== ABOUT THIS EXERCISE ==
Somewhere below, one line contains "FPN984 Iowa License Plate" and a later line contains "HFHOME 6PCS Adjustable". Output those two lines and everything between them exactly, and nothing else.

== MATERIAL FOR THIS TASK ==
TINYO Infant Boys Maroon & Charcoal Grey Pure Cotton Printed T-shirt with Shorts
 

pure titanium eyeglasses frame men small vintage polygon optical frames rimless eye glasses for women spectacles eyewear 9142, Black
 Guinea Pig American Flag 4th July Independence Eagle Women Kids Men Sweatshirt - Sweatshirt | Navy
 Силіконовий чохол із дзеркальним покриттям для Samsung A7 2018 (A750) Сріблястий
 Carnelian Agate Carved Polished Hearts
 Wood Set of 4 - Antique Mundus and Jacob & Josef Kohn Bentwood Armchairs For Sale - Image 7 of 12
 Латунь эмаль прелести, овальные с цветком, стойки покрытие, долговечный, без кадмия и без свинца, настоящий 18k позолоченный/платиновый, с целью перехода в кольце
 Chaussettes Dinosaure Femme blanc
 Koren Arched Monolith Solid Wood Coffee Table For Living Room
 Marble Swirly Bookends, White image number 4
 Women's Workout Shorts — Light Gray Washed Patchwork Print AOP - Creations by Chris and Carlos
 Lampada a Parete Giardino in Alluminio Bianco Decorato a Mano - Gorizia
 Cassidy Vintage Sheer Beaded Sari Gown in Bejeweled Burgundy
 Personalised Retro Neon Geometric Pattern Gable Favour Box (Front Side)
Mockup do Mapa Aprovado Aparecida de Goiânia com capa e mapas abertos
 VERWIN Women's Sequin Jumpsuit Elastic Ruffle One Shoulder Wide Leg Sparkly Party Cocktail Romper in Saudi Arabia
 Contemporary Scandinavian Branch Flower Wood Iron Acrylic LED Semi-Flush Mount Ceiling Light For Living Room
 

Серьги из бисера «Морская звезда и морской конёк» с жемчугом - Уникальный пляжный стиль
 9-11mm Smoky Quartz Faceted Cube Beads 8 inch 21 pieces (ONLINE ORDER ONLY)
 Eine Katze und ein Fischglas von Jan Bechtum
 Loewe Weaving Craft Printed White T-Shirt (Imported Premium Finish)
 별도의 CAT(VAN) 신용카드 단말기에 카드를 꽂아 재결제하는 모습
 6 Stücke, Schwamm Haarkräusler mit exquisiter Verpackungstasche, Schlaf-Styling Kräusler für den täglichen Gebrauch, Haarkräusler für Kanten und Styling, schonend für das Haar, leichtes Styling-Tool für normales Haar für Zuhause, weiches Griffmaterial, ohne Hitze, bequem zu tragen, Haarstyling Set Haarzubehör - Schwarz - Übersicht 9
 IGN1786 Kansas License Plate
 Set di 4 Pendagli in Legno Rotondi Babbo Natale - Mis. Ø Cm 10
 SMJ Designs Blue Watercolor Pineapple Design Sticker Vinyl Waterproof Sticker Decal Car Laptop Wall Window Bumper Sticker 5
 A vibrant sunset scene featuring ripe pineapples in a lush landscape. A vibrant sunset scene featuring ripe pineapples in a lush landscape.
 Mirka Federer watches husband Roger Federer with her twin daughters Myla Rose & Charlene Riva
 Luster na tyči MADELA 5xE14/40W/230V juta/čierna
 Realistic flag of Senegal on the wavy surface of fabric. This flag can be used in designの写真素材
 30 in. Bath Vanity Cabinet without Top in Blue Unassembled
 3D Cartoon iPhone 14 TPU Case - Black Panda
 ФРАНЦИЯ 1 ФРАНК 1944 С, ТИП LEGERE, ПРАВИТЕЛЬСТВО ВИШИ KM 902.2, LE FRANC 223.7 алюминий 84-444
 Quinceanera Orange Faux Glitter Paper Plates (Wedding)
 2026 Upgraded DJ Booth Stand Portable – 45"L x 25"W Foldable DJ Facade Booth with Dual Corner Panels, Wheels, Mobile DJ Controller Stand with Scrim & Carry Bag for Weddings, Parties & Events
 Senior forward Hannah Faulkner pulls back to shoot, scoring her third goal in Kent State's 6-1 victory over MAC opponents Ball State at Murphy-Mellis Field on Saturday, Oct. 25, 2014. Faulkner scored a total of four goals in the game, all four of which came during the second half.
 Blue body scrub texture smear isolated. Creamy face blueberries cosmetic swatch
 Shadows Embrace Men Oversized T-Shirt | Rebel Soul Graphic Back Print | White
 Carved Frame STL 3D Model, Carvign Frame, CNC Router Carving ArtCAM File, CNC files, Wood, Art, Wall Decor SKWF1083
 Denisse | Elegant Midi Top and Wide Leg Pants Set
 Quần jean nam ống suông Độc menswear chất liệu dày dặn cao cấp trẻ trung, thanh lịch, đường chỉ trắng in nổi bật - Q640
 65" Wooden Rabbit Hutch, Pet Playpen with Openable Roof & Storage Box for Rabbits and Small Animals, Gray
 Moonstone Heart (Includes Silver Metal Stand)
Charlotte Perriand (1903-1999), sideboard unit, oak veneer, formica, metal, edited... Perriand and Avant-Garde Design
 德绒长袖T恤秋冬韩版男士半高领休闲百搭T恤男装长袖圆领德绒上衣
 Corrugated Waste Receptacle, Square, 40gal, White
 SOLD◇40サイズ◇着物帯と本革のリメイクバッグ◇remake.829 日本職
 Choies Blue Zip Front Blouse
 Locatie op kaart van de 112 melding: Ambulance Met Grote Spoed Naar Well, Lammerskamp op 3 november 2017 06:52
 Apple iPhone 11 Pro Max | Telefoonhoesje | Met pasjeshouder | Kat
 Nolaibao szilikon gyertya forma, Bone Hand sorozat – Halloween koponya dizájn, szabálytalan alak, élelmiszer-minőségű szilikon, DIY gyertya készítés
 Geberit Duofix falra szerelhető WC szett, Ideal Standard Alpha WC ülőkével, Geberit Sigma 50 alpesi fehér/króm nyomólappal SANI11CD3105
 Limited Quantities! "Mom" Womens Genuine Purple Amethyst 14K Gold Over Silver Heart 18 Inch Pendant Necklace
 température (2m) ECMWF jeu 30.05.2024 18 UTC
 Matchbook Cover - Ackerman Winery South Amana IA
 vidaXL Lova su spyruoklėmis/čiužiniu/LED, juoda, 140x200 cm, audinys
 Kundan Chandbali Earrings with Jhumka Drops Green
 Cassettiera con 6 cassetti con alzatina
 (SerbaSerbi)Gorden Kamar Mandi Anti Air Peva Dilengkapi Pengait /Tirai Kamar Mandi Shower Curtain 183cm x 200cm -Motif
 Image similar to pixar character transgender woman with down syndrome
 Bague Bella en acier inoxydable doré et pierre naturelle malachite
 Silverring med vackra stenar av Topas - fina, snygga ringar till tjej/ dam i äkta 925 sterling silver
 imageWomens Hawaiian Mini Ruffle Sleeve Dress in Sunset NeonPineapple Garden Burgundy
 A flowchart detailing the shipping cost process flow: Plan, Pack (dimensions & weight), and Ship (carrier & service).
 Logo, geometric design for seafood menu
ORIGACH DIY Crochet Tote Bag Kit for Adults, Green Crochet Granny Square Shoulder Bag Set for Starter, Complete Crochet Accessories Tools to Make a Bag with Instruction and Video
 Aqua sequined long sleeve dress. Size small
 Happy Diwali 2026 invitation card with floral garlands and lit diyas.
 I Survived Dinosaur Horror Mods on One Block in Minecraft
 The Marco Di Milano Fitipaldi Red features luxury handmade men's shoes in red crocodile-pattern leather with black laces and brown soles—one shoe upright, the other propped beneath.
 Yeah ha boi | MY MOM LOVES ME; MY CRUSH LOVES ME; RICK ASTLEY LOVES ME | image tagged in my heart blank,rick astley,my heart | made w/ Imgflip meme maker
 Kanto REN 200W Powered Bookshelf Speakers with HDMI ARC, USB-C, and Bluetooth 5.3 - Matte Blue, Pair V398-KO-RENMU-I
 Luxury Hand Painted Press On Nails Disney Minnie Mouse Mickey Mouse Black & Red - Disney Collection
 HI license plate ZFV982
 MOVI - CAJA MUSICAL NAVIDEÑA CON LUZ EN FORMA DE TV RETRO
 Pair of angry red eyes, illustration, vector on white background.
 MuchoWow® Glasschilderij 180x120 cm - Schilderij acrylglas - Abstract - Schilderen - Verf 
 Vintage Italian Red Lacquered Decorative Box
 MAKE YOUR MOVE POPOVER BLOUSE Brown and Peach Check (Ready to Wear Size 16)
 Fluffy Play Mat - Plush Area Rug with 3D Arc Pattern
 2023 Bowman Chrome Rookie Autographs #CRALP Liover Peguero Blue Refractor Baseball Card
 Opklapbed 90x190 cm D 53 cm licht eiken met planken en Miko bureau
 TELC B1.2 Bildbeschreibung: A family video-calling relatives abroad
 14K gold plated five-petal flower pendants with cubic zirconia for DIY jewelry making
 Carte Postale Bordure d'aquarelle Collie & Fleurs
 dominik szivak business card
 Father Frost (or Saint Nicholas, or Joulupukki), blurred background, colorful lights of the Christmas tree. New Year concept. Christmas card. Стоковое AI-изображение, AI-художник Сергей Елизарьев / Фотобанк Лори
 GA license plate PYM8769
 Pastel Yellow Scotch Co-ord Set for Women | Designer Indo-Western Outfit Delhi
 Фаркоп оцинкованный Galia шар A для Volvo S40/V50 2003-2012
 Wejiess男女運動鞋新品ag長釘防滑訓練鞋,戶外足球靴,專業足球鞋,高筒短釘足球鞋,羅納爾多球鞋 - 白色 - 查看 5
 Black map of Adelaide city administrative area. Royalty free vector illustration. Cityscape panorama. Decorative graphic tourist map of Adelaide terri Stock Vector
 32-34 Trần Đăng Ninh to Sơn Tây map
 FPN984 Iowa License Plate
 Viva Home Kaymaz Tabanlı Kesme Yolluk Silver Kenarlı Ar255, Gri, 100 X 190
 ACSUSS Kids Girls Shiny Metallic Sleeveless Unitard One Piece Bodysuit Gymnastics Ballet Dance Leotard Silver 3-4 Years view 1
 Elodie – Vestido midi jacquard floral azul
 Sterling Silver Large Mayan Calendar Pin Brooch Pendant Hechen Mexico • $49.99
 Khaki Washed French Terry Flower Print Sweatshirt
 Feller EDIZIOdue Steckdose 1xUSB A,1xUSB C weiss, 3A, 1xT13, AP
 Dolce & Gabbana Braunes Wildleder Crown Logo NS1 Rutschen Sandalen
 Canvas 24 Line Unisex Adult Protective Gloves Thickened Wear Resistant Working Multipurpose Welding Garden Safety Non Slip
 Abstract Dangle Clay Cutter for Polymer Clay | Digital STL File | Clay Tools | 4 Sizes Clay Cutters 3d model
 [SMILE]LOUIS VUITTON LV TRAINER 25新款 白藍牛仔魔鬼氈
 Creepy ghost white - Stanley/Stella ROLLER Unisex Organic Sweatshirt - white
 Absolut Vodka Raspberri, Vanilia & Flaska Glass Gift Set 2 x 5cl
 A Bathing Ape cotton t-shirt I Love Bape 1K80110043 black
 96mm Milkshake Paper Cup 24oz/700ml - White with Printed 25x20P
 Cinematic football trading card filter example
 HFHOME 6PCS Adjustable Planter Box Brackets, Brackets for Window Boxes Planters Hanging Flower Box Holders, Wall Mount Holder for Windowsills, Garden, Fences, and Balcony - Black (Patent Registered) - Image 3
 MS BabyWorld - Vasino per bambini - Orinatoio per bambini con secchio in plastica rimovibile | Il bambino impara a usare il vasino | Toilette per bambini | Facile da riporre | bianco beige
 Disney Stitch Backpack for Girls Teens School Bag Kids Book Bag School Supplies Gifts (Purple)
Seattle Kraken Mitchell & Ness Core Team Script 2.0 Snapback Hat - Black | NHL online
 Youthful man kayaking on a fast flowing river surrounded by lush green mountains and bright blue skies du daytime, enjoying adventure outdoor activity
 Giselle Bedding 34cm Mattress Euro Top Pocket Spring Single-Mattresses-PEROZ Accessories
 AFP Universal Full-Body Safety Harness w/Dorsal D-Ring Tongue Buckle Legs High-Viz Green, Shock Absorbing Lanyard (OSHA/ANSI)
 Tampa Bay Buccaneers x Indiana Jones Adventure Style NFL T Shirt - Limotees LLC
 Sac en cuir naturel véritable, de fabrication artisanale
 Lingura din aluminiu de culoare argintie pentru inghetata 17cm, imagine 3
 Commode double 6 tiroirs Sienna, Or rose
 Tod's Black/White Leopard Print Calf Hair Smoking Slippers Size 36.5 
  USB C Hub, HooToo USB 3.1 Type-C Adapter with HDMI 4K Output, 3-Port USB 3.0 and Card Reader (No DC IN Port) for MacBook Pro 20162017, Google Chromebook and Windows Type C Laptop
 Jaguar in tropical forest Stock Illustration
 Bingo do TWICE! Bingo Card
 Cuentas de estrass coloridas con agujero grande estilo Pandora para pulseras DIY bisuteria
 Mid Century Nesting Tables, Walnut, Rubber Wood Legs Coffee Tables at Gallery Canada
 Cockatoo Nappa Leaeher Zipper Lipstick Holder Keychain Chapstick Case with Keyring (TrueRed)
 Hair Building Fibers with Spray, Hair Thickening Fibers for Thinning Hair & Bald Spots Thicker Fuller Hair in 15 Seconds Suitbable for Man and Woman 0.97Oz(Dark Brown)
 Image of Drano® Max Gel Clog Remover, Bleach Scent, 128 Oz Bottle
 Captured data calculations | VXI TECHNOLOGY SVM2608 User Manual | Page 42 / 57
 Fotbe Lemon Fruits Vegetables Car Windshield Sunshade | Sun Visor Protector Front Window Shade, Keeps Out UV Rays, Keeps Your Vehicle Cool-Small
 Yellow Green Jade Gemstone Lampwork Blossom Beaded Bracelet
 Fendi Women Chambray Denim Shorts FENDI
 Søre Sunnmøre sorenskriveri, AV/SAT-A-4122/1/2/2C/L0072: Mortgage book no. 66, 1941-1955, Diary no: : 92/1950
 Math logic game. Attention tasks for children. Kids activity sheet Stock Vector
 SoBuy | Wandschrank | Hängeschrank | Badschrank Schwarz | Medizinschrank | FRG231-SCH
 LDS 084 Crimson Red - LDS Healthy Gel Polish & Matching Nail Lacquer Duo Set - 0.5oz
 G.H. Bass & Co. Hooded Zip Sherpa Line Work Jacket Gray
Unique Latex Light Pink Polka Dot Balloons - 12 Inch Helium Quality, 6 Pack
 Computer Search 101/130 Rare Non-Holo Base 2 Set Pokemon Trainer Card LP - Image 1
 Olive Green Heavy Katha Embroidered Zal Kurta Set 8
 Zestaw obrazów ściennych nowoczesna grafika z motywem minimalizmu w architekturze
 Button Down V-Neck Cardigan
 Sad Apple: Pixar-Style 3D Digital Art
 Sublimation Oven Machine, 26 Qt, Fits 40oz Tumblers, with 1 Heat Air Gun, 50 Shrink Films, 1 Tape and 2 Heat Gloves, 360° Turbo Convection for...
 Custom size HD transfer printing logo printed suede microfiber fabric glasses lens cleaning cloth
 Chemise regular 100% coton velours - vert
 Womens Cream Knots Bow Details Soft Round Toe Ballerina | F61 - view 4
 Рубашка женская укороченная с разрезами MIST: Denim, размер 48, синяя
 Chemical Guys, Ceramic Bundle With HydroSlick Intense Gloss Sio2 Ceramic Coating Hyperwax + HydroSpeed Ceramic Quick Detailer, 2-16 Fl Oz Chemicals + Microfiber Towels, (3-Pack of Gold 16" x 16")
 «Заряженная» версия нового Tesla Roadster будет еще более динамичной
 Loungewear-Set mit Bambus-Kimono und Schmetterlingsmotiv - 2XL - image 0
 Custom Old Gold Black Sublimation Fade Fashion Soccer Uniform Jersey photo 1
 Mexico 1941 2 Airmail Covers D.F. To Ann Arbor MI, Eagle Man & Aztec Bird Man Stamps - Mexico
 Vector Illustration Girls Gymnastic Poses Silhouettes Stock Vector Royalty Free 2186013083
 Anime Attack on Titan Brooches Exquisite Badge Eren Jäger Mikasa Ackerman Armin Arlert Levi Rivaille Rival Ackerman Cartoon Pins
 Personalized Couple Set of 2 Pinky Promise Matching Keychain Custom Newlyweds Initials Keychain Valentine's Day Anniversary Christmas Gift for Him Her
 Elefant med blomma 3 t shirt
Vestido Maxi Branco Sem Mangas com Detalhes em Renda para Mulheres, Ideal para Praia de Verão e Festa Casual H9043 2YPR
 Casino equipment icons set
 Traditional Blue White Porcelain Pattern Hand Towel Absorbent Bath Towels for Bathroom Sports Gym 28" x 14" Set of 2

== ANSWER BOX ==
 FPN984 Iowa License Plate
 Viva Home Kaymaz Tabanlı Kesme Yolluk Silver Kenarlı Ar255, Gri, 100 X 190
 ACSUSS Kids Girls Shiny Metallic Sleeveless Unitard One Piece Bodysuit Gymnastics Ballet Dance Leotard Silver 3-4 Years view 1
 Elodie – Vestido midi jacquard floral azul
 Sterling Silver Large Mayan Calendar Pin Brooch Pendant Hechen Mexico • $49.99
 Khaki Washed French Terry Flower Print Sweatshirt
 Feller EDIZIOdue Steckdose 1xUSB A,1xUSB C weiss, 3A, 1xT13, AP
 Dolce & Gabbana Braunes Wildleder Crown Logo NS1 Rutschen Sandalen
 Canvas 24 Line Unisex Adult Protective Gloves Thickened Wear Resistant Working Multipurpose Welding Garden Safety Non Slip
 Abstract Dangle Clay Cutter for Polymer Clay | Digital STL File | Clay Tools | 4 Sizes Clay Cutters 3d model
 [SMILE]LOUIS VUITTON LV TRAINER 25新款 白藍牛仔魔鬼氈
 Creepy ghost white - Stanley/Stella ROLLER Unisex Organic Sweatshirt - white
 Absolut Vodka Raspberri, Vanilia & Flaska Glass Gift Set 2 x 5cl
 A Bathing Ape cotton t-shirt I Love Bape 1K80110043 black
 96mm Milkshake Paper Cup 24oz/700ml - White with Printed 25x20P
 Cinematic football trading card filter example
 HFHOME 6PCS Adjustable Planter Box Brackets, Brackets for Window Boxes Planters Hanging Flower Box Holders, Wall Mount Holder for Windowsills, Garden, Fences, and Balcony - Black (Patent Registered) - Image 3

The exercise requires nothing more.